**TASK REQUIREMENTS:** From the first line to the last, return the data exactly, with no pictures.

**RAW DATA:**
__________

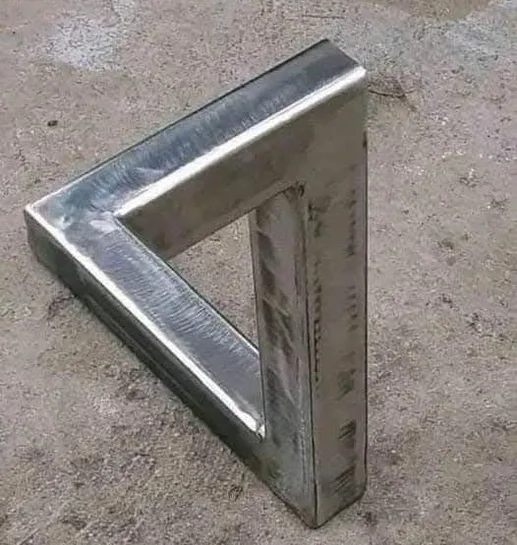 A metal object shaped like a triangle with three straight sides and three right angles, resting on a concrete floor. The…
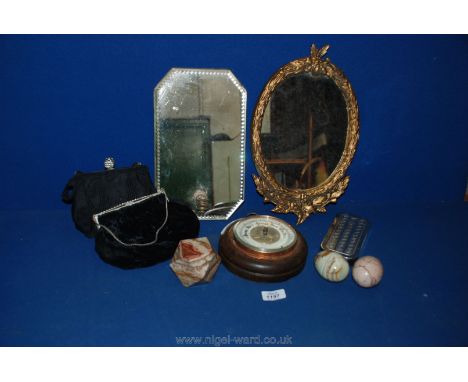Two mirrors, circular weather vane, two black bags, etc.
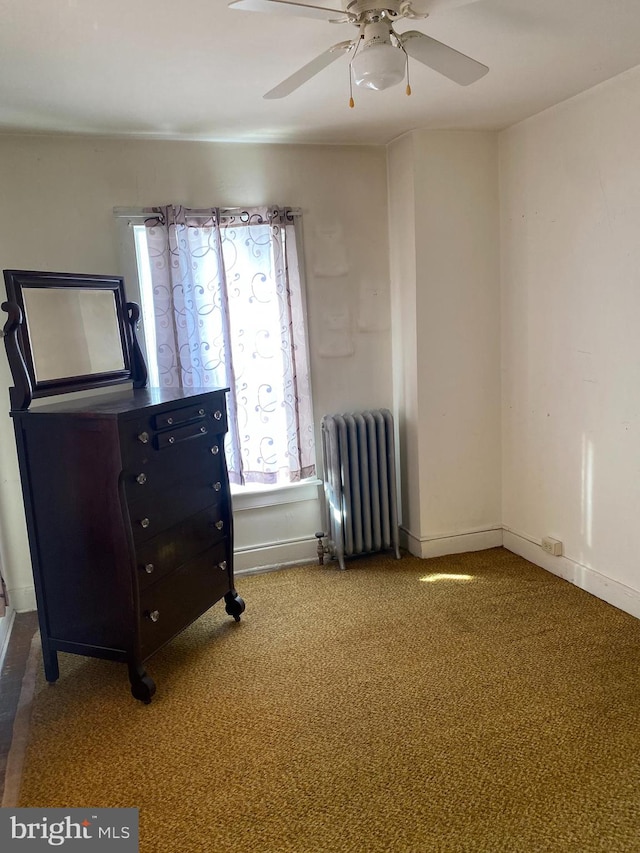 interior space with radiator, carpet, and ceiling fan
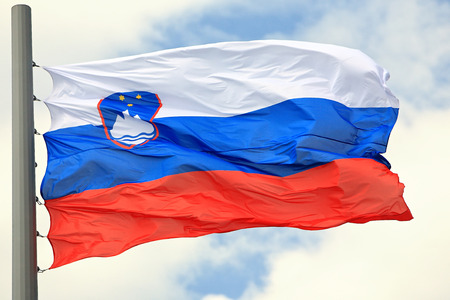 Flag of Slovenia against the skyの写真素材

__________

**SOLUTION TO THE EXERCISE:**
 A metal object shaped like a triangle with three straight sides and three right angles, resting on a concrete floor. The…
Two mirrors, circular weather vane, two black bags, etc.
 interior space with radiator, carpet, and ceiling fan
 Flag of Slovenia against the skyの写真素材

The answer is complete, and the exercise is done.